Enquanto leigos e letrados execrarem apenas propinas, superfaturamentos e furtos no estamento estatal, combaterão apenas efeitos. A corrupção administrativa é fruto sistêmico da corrupção conceptual de estado. Estabelecida a hegemonia do conceito estatal esquerdo-populista, com superestrutura burocrática intervencionista, parasitária e perdulária, repleta de feudos corporativos próprios para a criação de dificuldades e venda de facilidades, é inevitável que o estado seja convertido por agentes públicos em instrumento de opressão das liberdades individuais e achaque de cidadãos vassalos. Por sua vez, a corrupção das funções do estado se origina na corrupção de valores, a mãe de todas as corrupções.

Cícero já alertava: “O orçamento nacional deve ser equilibrado. As dívidas devem ser reduzidas, a arrogância das autoridades deve ser moderada e controlada. Os pagamentos a governos estrangeiros devem ser reduzidos se a nação não quiser ir à falência. As pessoas devem, novamente, aprender a trabalhar, em vez de viver por conta pública”.

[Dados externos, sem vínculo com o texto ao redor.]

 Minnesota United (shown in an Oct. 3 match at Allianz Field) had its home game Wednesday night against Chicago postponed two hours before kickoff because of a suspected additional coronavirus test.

Rechaçar o projeto contra abuso de autoridade para não atrapalhar o combate à corrupção, parece ter sido uma estratégia tão perspicaz e eficiente quanto pedir ao establishment o impeachment da presidente corrupta, com base na mais leve das improbidades cometidas por ela, eufemizada de fraude fiscal para “pedalada”, no momento em que a corrupta já havia arruinado seu governo e estava prestes a arruinar não só da popularidade de seu corrupto antecessor e mentor, que pretendia nomear “primeiro ministro”, mas também a própria estrutura de suporte da corrupção, empregada pelos verdadeiros donos do poder para oprimir consciências e achacar o povo.

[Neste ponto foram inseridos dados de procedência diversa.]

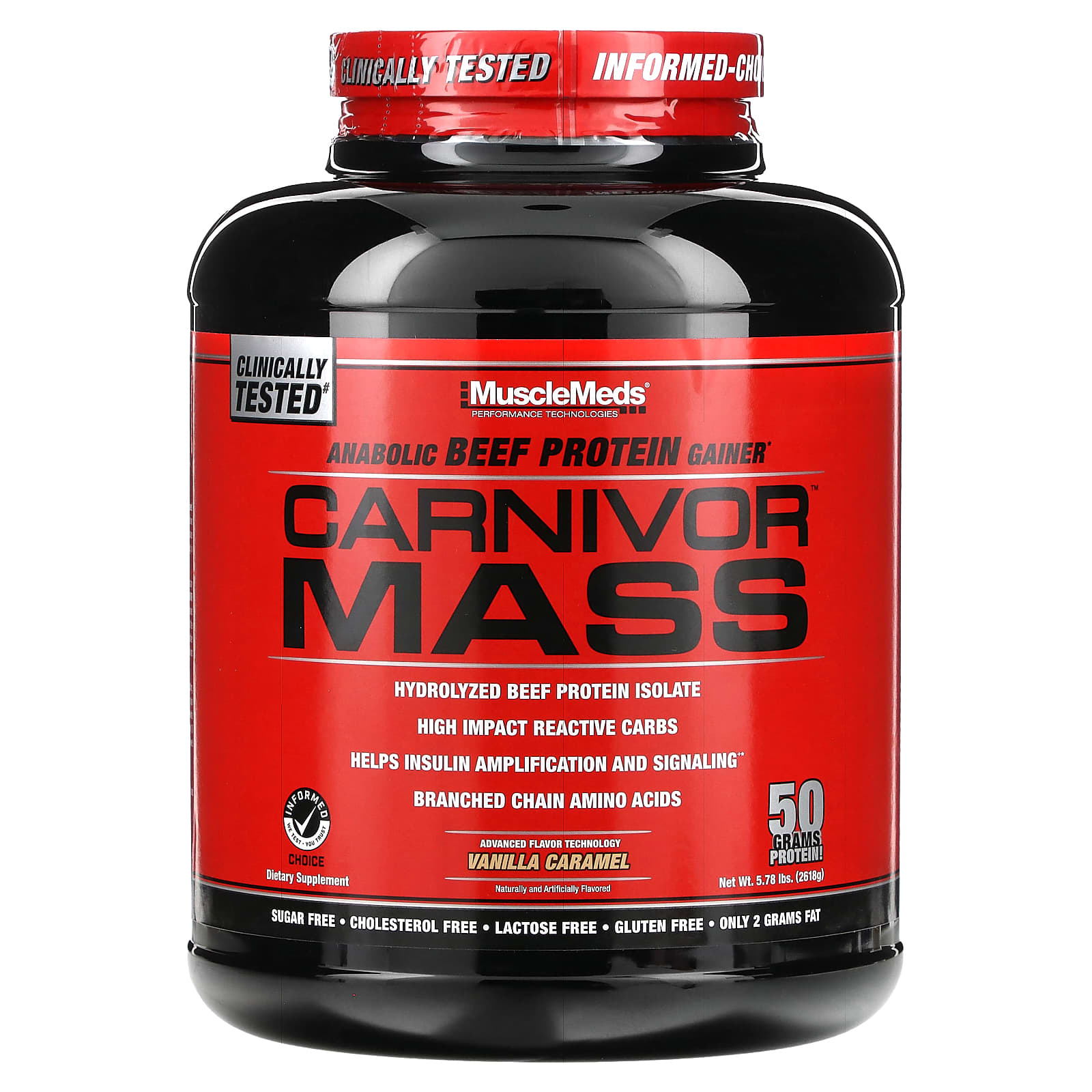 

MuscleMeds, Carnivor Mass, Anabolic Beef Protein Gainer, Vanilla Caramel, 5.93 lbs (2,688 g)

Quando estava concluindo este texto, ocorreu um episódio providencialmente confirmativo do que foi dito acima: o governo do falido Rio Grande do Sul, apresentou para votação na Assembleia Legislativa um tardio, mas imprescindível conjunto de propostas de reestruturação do provavelmente mais corporativista, parasitário, ineficiente e perdulário estado da federação. Entre vários projetos que incluíam extinções e privatizações, um projeto determinava que o repasse financeiro ao poder judiciário fosse feito a partir da arrecadação efetivamente realizada pelo Estado (considerando a receita corrente líquida), e não mais pela previsão orçamentária votada no ano anterior, o que não corresponde aos valores reais de arrecadação. Evidentemente: nada mais justo! No entanto, bastou que juízes e promotores, os mais poderosos, privilegiados e salvaguardados agentes públicos, pressionassem os deputados com mensagens ameaçadoras, via celular, para que o projeto fosse rejeitado. Um dos deputados que votaram contra o projeto, mesmo pertencendo à base do governo, fundamentou seu voto: “voto contra, porque não quero me deparar com um juiz ‘mal-humorado’ em algum processo”. O voto do deputado mostrou-se condizente com postura da maioria dos eleitores, leigos e letrados, diante das ameaças dos juízes e promotores.

Como é fácil criticar políticos... mas criticar juízes, promotores e outros agentes vitalícios do estamento estatal... Ser um inimigo dos verdadeiros poderosos é terrível!

Nesse contexto só resta esperar pelo colapso do estado. Quem sabe assim, os homens ávidos de supersalários, prerrogativas, poder e status, se dirijam a outras áreas para se locupletar, e deixem espaço no estado para o ingresso de homens menos sequiosos de tudo isso e mais dotados de vocação e espírito público. Quem sabe, quando vier a falência do estado, as pessoas não se vejam obrigadas a rever seus valores, escutem os conselhos de Cícero, e aprendam a trabalhar em vez de viver por conta pública.